REQUIRED ACTION >> An exact copy of the records below is required, and it must contain no pictures.
[Start of Attachment]
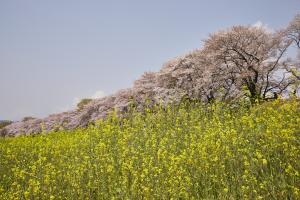 背割堤桜3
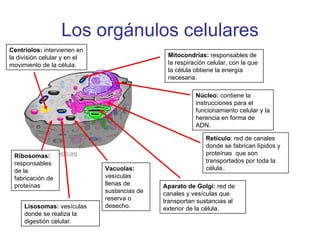 Los orgánulos celulares Núcleo:  contiene la instrucciones para el funcionamiento celular y la herencia en forma de ADN. Mitocondrias:  responsables de la respiración celular, con la que la célula obtiene la energía necesaria. Retículo : red de canales donde se fabrican lípidos y proteínas  que son transportados por toda la célula.. Aparato de Golgi:  red de canales y vesículas que transportan sustancias al exterior de la célula. Vacuolas:  vesículas llenas de sustancias de reserva o desecho. Lisosomas:  vesículas donde se realiza la digestión celular. Ribosomas:  responsables de la fabricación de proteínas Centriolos:  intervienen en la división celular y en el movimiento de la célula. 
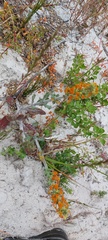 Manulea tomentosa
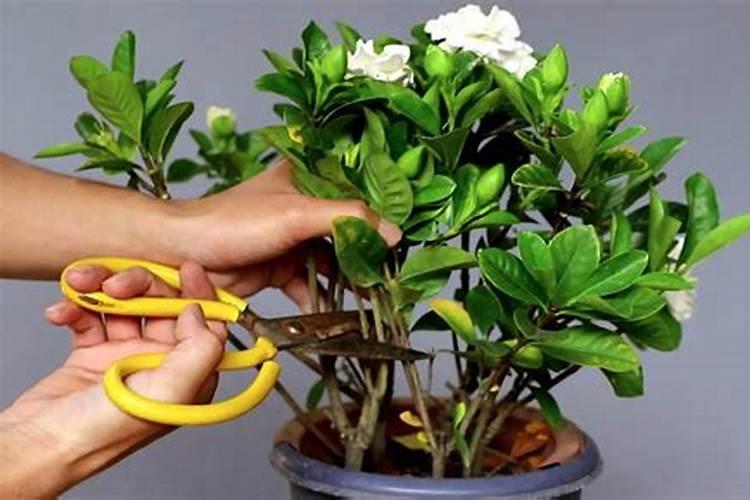如何给栀子花施肥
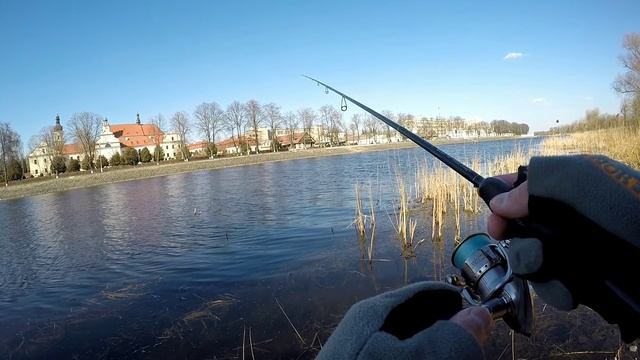 Альтернатива для Tanta от FishUP. Окунь одобрил шишку от Fish Magnet. Streetfishing па Пiнску...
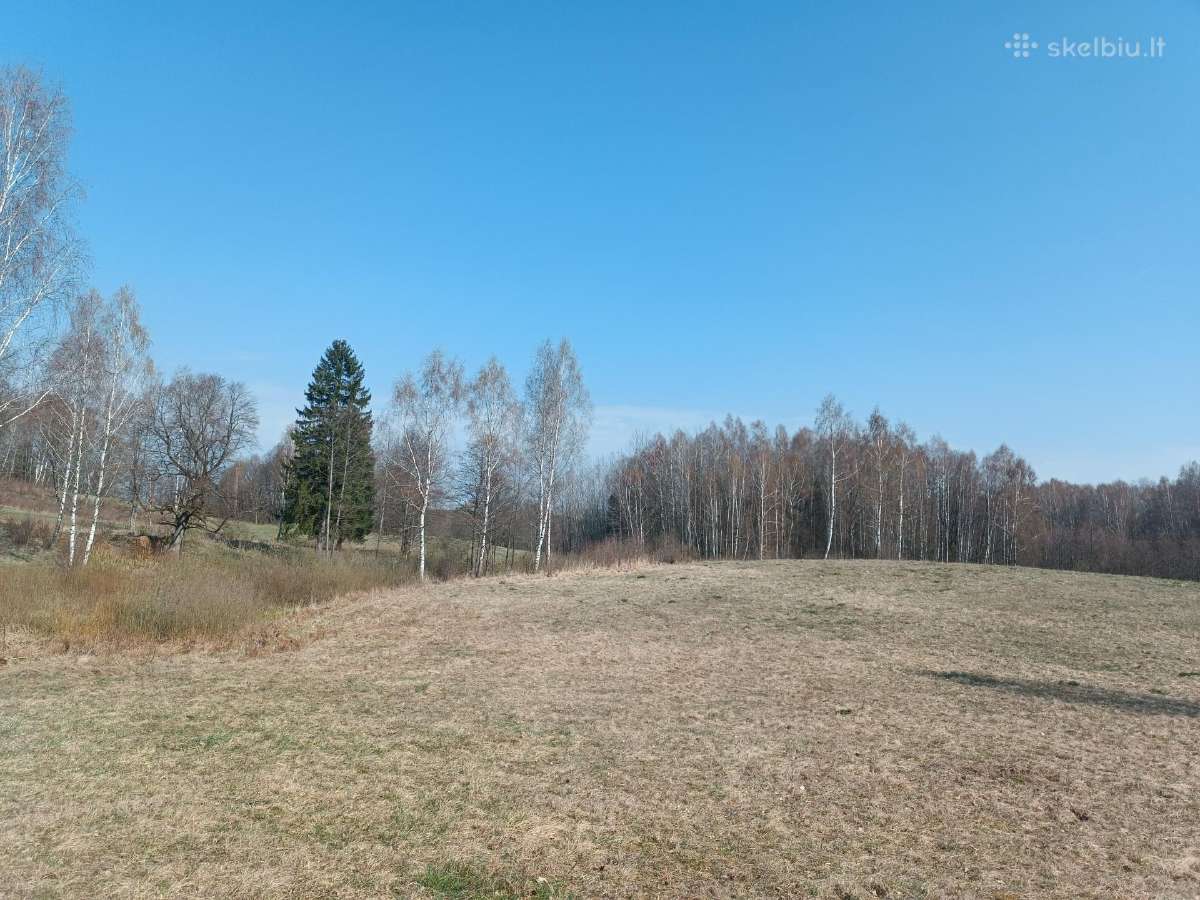 Žemės sklypas Vilkaviškio r. Vištyčio sen. - nuotraukos Nr. 5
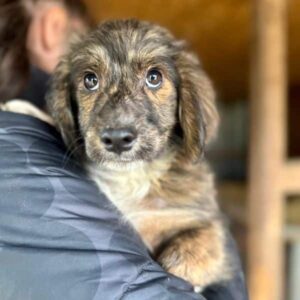 AKIKO (♂) - vermittelt MD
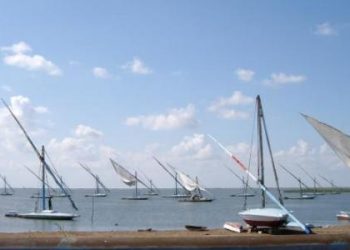 Nettoyage du lac Borollos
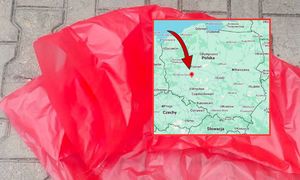 Tajemniczy obiekt na posesji w Rogożewie. Wezwano służby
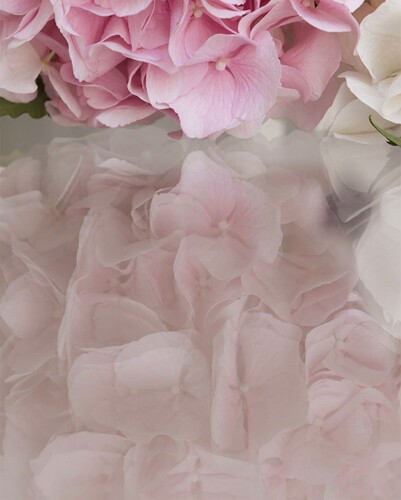 *邮费差价补拍*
[End of Attachment]
WORKED SOLUTION >>
 背割堤桜3
 Los orgánulos celulares Núcleo:  contiene la instrucciones para el funcionamiento celular y la herencia en forma de ADN. Mitocondrias:  responsables de la respiración celular, con la que la célula obtiene la energía necesaria. Retículo : red de canales donde se fabrican lípidos y proteínas  que son transportados por toda la célula.. Aparato de Golgi:  red de canales y vesículas que transportan sustancias al exterior de la célula. Vacuolas:  vesículas llenas de sustancias de reserva o desecho. Lisosomas:  vesículas donde se realiza la digestión celular. Ribosomas:  responsables de la fabricación de proteínas Centriolos:  intervienen en la división celular y en el movimiento de la célula. 
 Manulea tomentosa
如何给栀子花施肥
 Альтернатива для Tanta от FishUP. Окунь одобрил шишку от Fish Magnet. Streetfishing па Пiнску...
 Žemės sklypas Vilkaviškio r. Vištyčio sen. - nuotraukos Nr. 5
 AKIKO (♂) - vermittelt MD
 Nettoyage du lac Borollos
 Tajemniczy obiekt na posesji w Rogożewie. Wezwano służby
 *邮费差价补拍*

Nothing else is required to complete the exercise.